EXERCISE PROMPT — Print the lines in the listing below starting at the line with "Spanx Velvet Leggings" and ending at the line with "High Heels Women", both included. Reproduce them exactly and omit every picture.

· · · · ·

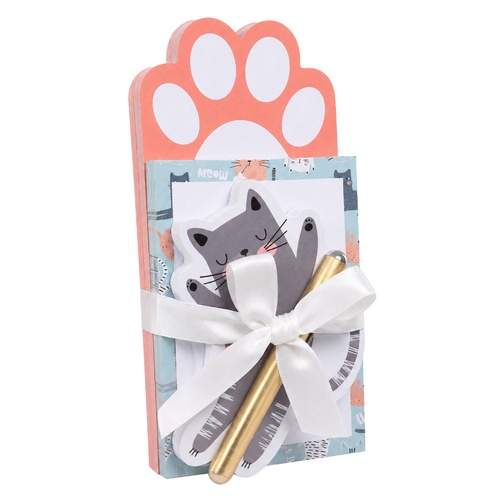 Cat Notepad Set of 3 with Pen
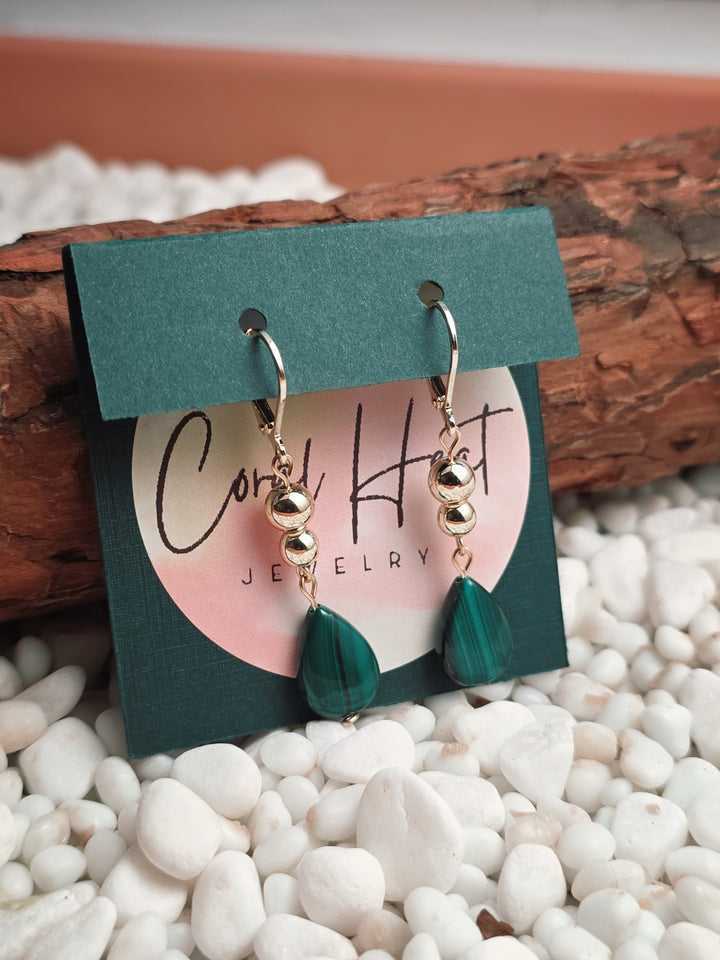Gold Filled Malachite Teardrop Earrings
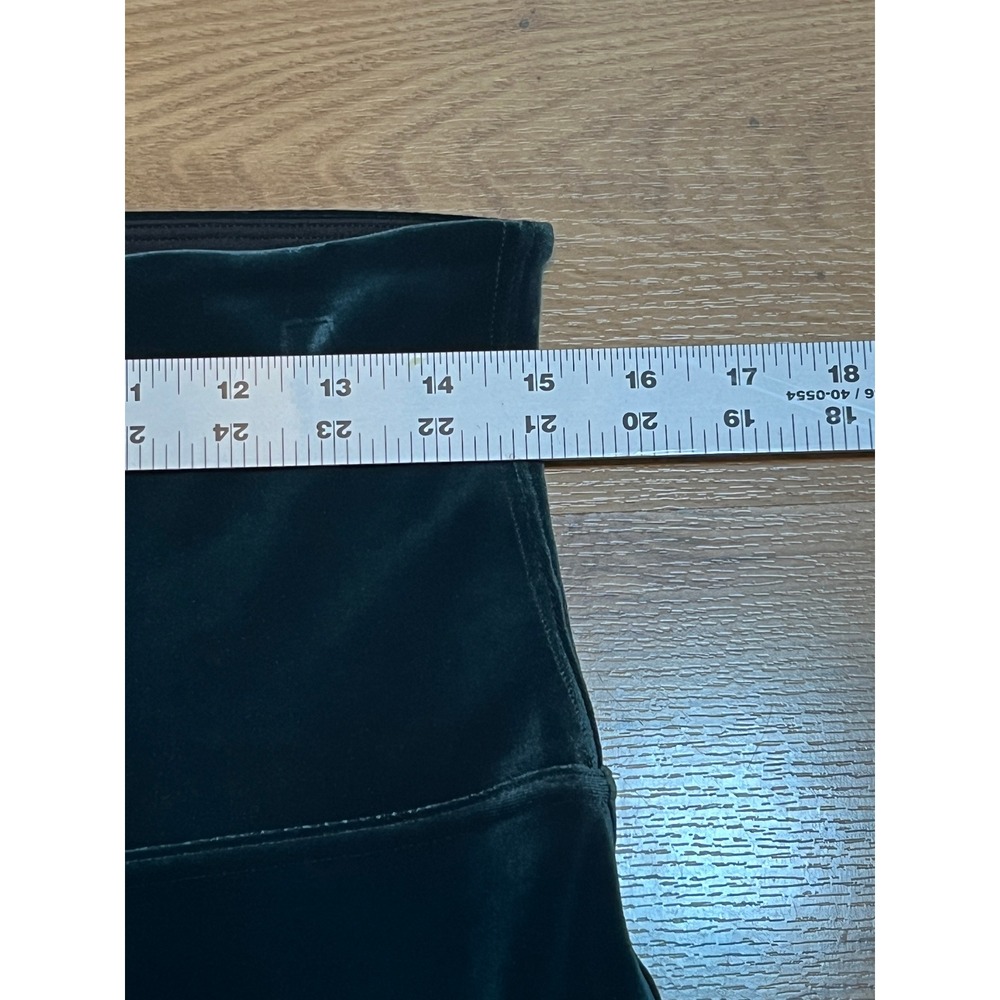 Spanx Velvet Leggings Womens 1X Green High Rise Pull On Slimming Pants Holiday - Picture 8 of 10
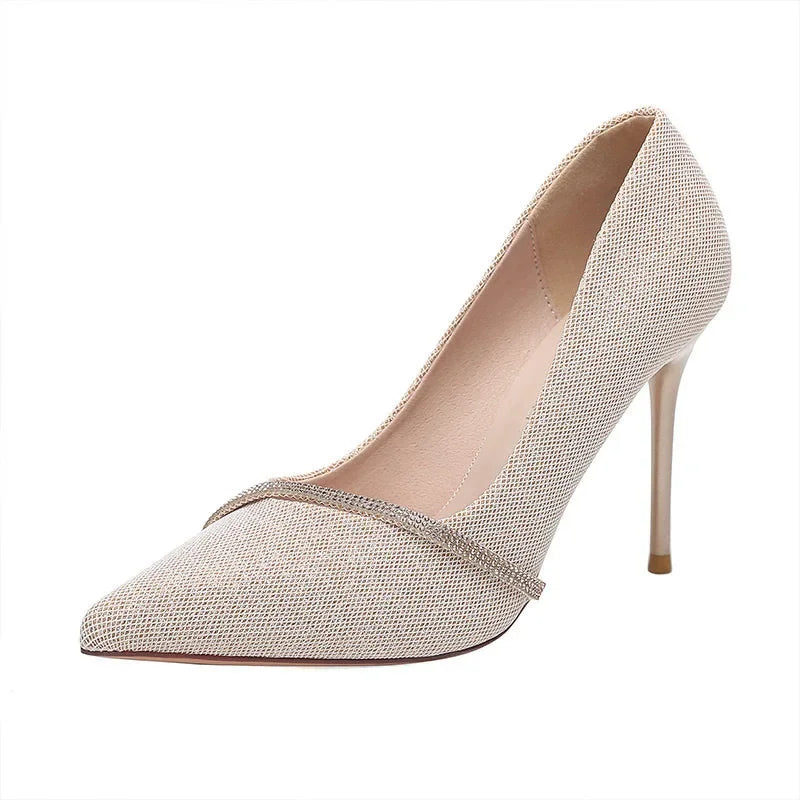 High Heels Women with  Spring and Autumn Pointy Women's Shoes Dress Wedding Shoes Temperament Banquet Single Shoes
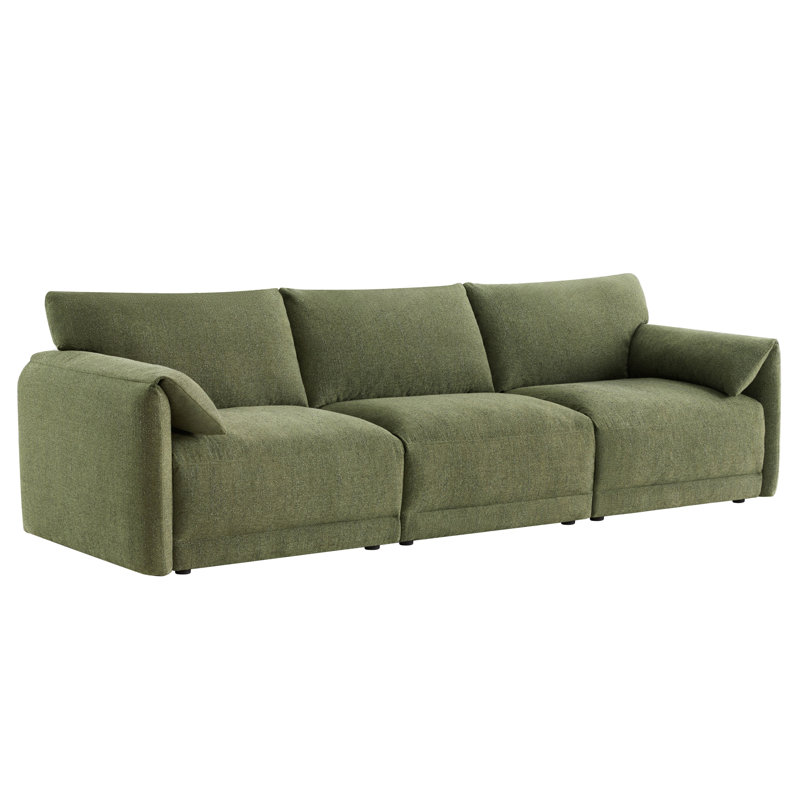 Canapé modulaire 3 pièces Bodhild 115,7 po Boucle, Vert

· · · · ·

REPLY TO THE EXERCISE —
 Spanx Velvet Leggings Womens 1X Green High Rise Pull On Slimming Pants Holiday - Picture 8 of 10
 High Heels Women with  Spring and Autumn Pointy Women's Shoes Dress Wedding Shoes Temperament Banquet Single Shoes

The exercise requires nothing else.